Your copy should begin with the line containing "Man wearing a", end with the line containing "Kitchen with white", match the listing below exactly, and contain no pictures.

- Opening Delimiter -

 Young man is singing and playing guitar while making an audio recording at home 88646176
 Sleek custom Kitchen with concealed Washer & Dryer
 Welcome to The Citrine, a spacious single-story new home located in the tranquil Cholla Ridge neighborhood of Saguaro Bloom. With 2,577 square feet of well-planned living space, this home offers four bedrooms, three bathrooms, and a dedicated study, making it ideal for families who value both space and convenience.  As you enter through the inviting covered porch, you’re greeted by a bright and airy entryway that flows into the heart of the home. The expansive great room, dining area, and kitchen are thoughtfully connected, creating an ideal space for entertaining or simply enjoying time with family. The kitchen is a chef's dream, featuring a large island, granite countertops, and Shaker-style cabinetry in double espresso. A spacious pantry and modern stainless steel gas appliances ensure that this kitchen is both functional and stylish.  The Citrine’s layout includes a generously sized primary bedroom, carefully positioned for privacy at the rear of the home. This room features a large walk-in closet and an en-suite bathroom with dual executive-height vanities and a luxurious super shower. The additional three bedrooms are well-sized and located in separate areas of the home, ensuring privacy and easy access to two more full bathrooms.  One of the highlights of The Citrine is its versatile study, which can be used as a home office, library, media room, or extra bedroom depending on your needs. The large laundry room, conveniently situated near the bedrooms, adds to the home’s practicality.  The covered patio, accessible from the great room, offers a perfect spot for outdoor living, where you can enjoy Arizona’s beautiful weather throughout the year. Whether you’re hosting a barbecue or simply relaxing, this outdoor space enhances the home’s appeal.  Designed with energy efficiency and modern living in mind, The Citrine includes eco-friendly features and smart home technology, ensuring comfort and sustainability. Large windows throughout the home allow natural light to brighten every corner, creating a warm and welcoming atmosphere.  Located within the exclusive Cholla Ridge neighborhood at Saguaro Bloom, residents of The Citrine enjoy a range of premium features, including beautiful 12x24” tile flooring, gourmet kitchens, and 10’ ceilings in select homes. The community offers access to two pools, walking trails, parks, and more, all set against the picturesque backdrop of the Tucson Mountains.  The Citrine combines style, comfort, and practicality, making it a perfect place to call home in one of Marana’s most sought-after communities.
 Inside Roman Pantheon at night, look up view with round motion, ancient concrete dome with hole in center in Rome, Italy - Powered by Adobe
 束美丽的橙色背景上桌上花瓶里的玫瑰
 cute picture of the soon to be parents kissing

- Closing Delimiter -
- Opening Delimiter -

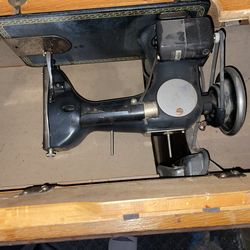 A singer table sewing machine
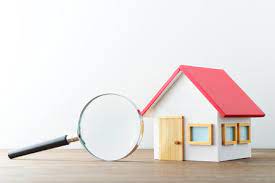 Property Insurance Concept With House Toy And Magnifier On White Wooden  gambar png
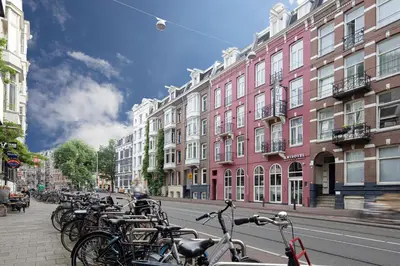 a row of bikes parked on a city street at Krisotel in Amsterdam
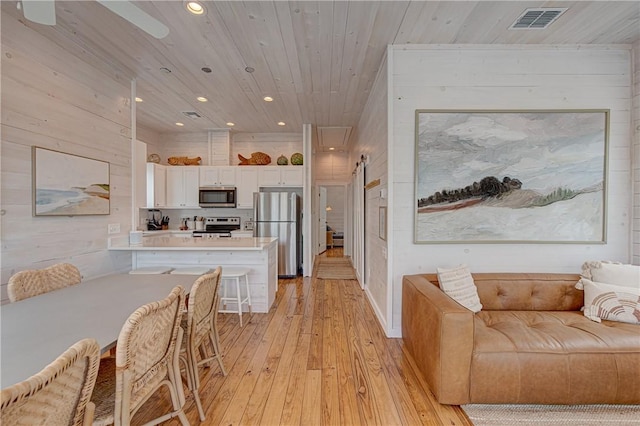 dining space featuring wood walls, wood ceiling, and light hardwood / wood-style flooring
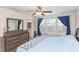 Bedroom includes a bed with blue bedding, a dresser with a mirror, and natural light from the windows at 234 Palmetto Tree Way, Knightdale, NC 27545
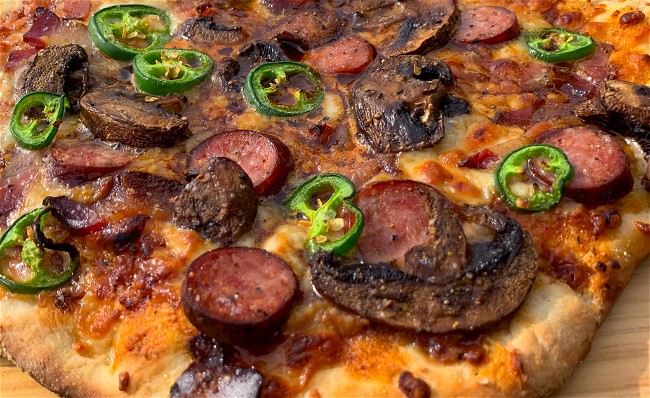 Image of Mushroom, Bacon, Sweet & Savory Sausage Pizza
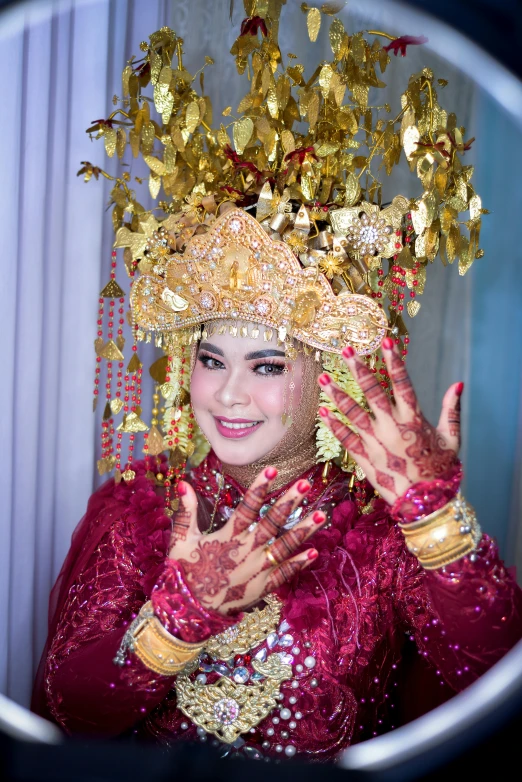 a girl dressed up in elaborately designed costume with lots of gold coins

- Closing Delimiter -
- Opening Delimiter -

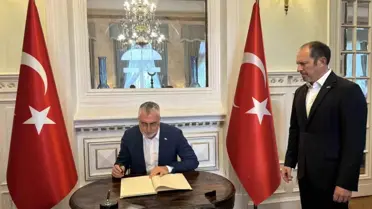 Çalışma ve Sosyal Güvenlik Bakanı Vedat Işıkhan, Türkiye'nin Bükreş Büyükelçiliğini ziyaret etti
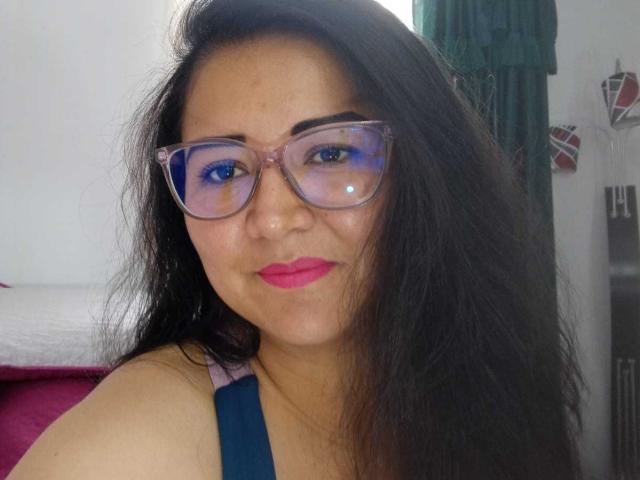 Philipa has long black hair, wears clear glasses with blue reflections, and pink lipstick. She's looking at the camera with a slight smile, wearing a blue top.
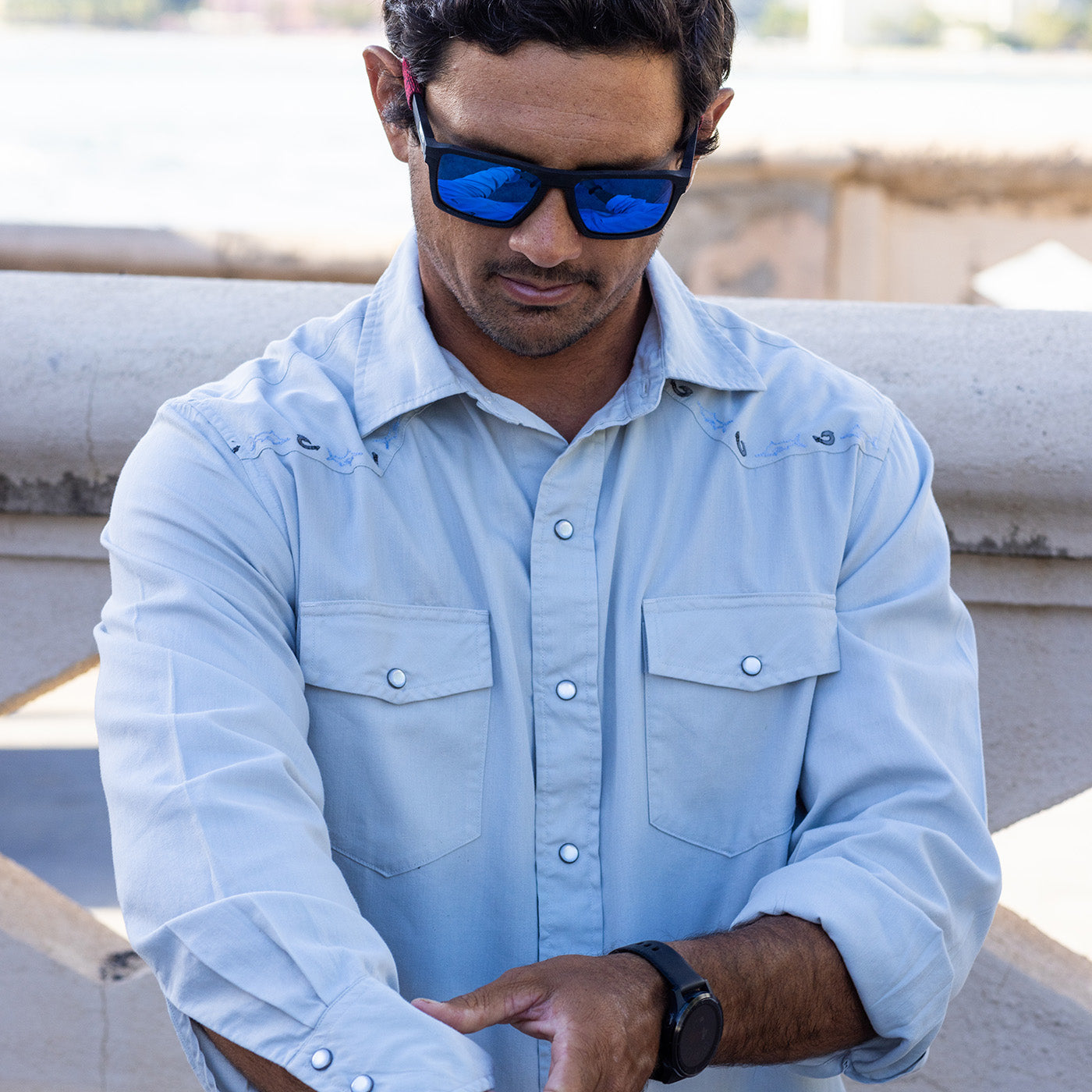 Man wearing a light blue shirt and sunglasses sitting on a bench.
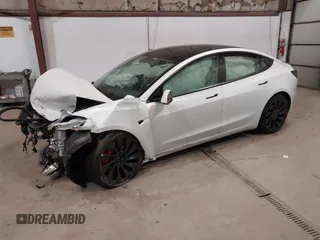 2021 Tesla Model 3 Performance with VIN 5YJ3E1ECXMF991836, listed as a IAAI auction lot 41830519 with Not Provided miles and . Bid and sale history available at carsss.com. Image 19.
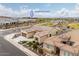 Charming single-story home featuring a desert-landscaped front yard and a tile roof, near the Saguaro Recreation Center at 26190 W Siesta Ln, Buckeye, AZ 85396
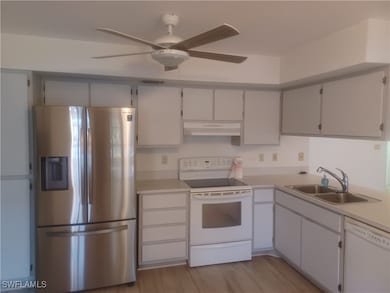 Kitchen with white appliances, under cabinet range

- Closing Delimiter -

ANSWER SPACE -
 Man wearing a light blue shirt and sunglasses sitting on a bench.
 2021 Tesla Model 3 Performance with VIN 5YJ3E1ECXMF991836, listed as a IAAI auction lot 41830519 with Not Provided miles and . Bid and sale history available at carsss.com. Image 19.
 Charming single-story home featuring a desert-landscaped front yard and a tile roof, near the Saguaro Recreation Center at 26190 W Siesta Ln, Buckeye, AZ 85396
 Kitchen with white appliances, under cabinet range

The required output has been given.